Dans les nouvelles œuvres que Fritz a créées pour cette exposition, la salle de bains joue un rôle central. Elle représente en effet un lien direct avec la corporalité. Dans cet espace, le corps se déplace et fonctionne différemment que dans les autres pièces d’une habitation. Fritz explore les associations évoquées par des architectures d’intérieures carrelées: les carreaux sont intrinsèquement liés aux salles de bains et à d’autres espaces conçus à des fins hygiéniques, tels que des boucheries, des piscines, des salles d’opération dans des hôpitaux et des toilettes publiques. Tous ces espaces interagissent avec une certaine Fleischlichkeit – un terme allemand qu’on pourrait traduire en français par caractère charnel.

Cette exploration conduit à des thèmes de transformation et d’abjection. L’abjection telle que l’entend Julia Kristeva offre un point de vue intéressant pour l’interprétation de œuvres de l’exposition. L’abjection selon Kristeva, qu’elle illustre par des matières fécales, des cadavres ou des crimes extrêmes, suscite le malaise ou le dégoût, dans la mesure où elle se situe dans un état entre sujet et objet. Des rituels tentent de contenir l’abjection et de nous protéger du chaos qu’elle incarne. Kristeva écrit: "Ce n’est donc pas l’absence de propreté ou de santé qui rend abject, mais ce qui perturbe une identité, un système, un ordre. Ce qui ne respecte pas les limites, les places, les règles. L’entre-deux, l’ambigu, le mixte". Ou, pour en revenir au titre de l’exposition: ce qui franchit le seuil métaphorique non autorisé. Cette idée entre en résonance avec le langage visuel au caractère charnel des céramiques de Fritz. La glaçure rose qu’elle utilise évoque les tons d’organes et d’intestins. Les œuvres établissent également une analogie entre le corps humain et des éléments infrastructurels de maisons, tels que des tuyaux, des conduits ou autres canalisations. À l’instar d’organes qui remplissent des fonctions corporelles essentielles, les tuyauteries traitent des éléments et des restes du corps.
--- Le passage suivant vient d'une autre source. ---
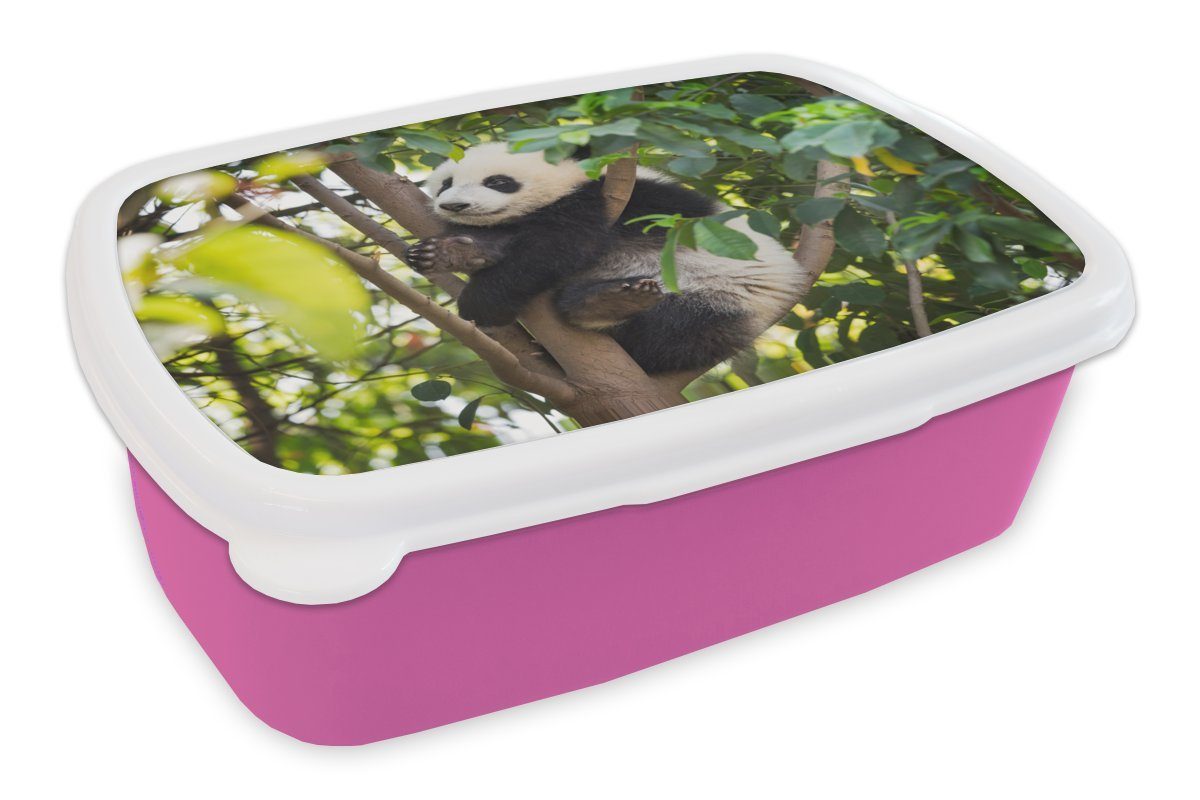 MuchoWow Lunchbox Panda - Tier - Baum, Kunststoff, (2-tlg), Brotbox für Erwachsene, Brotdose Kinder, Snackbox, Mädchen, Kunststoff rosa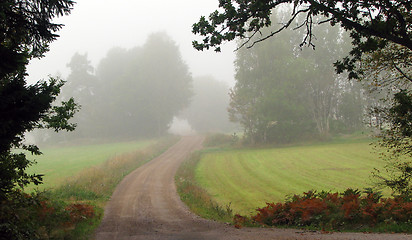 Image showing Foggy road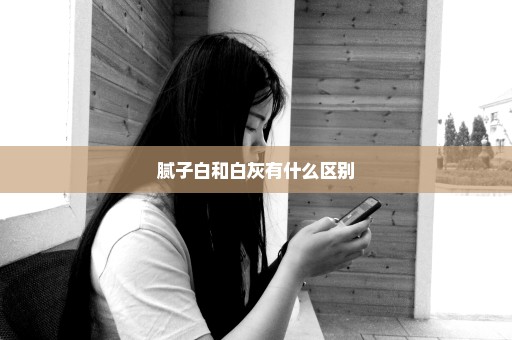 腻子白和白灰有什么区别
Une cheminée sert d’élément central dans la pièce, ressemblant vaguement à un foyer tout en étant en lien avec les formes des autres reliefs en céramique aux sculptures illuminées. Jaillissant du sol, les "lampes qui rêvent d’être un feu" portent en elles une certaine envie de transcender leur forme domestiquée, soulignée de manière humoristique par la présence d’ampoules LED imitant le feu.

Toutefois, les matériaux utilisés pour leur création – le verre et la céramique – ajoutent un autre élément, étant donné que la fabrication de ces objets artisanaux requiert de la chaleur et du feu. Les œuvres jouent avec la notion de domestication et son contraire "la dédomestication" du feu. Elles font écho à l’idée d’éruptions d’éléments primordiaux dans le cadre familier de la maison moderne, diffusant une lumière délicate sur ce qui reste à découvrir.

À travers ses œuvres, Fritz analyse la tension entre le contrôlé et l’incontrôlé, le stérile et le corporel, révélant des strates de signification qui résonnent autant avec les expériences humaines personnelles que collectives.